#### YOUR GOAL:
Exact copy, pictures excluded: write out every line below.

#### STORED DATA:
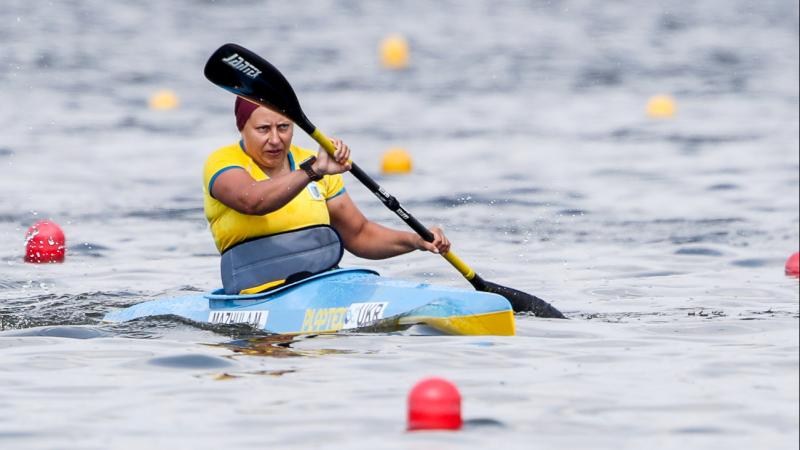 a female Para canoeist mid-stroke on the water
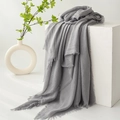 Minimalist grey cotton linen scarf with fringe edges draped over a white cube - Silver Gray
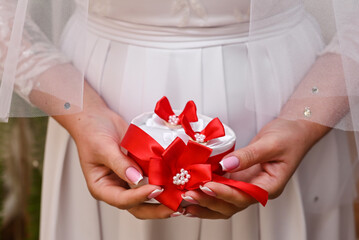 a wedding gift in the hands of the bride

#### TASK OUTPUT:
 a female Para canoeist mid-stroke on the water
 Minimalist grey cotton linen scarf with fringe edges draped over a white cube - Silver Gray
 a wedding gift in the hands of the bride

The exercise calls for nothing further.